“El hombre es decididamente un extraño
animal, como diría Moliére. El fin de Stalin ha fascinado al mundo entero. Y si
las cartas de su hija Svetlana conocen actualmente semejante éxito, es porque
ella ha sido testigo de sus últimos momentos y levanta un poco el velo sobre
esta muerte que nadie, durante largo tiempo, quiso creer normal. Como la muerte
de Hitler, la de Stalin parece puntuada por acordes wagnerianos. El pretendido complot “des blouses blanches
juives” que la precede, el misterio cuidadosamente guardado alrededor de los
postreros instantes del dictador, la batalla de los sucesores, la brutal
eliminación de Beria, la apertura de los campos de concentración, ese cadáver
que primero se diviniza y luego se insulta, sí corresponde a la gran ópera.
Pero he aquí que el mismo tema –o casi- Henri
Francois Rey lo lleva al teatro, del que hace realmente una ópera-lo que él
llama un espectáculo total- con música concreta, lamentaciones populares, danza
más o menos cosaca, salmodia, coros hablados, ¿qué se yo?, añadiendo a ello su
estilo, su filosofía, su humor negro, y ya no somos fascinados del todo pues
muy pronto, ¡ay!, bostezamos hasta desencajar la mandíbula.

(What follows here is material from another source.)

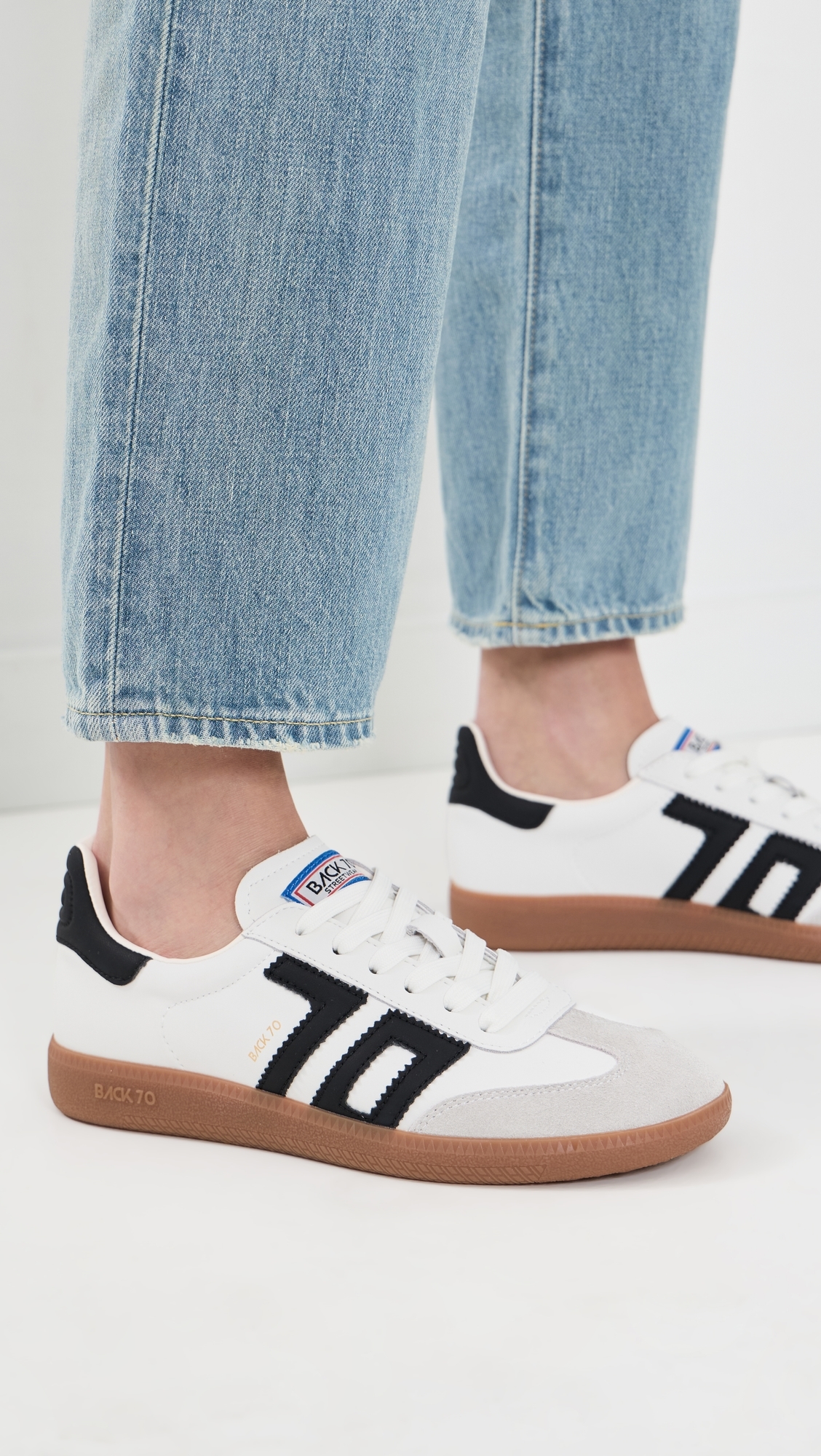 Cloud Sneakers White Black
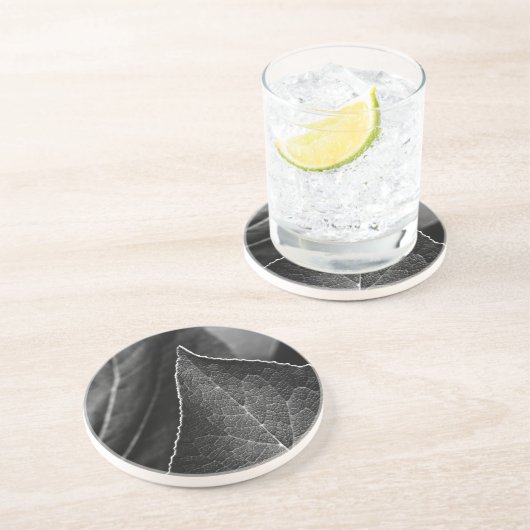 Dessous De Verre En Grès feuilles étant (Côté)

¿Por qué? Porque todo a lo largo de su obra,
Henri Francois Rey, ha sido muy inferior a la única relación de los hechos.
Porque su pintura de los temblores acólitos del dictador no vale lo que las
menores confidencias a este respecto de un Jruschef. Porque los caprichos de su
tirano, su mórbida desconfianza, sus delirios, no se acercan a aquellos- bien
reales- de Stalin. Nuestro autor no ha logrado sino parafrasear pesadamente,
puerilmente, enfáticamente, a aquel que la historia ha inscrito con letras de
fuego y espesos regueros de sangre. Mikoyan, Malenkov, Vorochilov, Beria,
Jruschef, tienen distinta densidad trágica que los Arkany, los Gregor, los
Bobo, o los Lázaro de Henri Francois Rey.
Acaso un Claudel con su lirismo y su enorme
sentido de la farsa, o, sobre otro registro, un Sastre- lo ha probado en “Las
manos sucias”- podrían quizás componer ese canto fúnebre, atroz e irrisorio.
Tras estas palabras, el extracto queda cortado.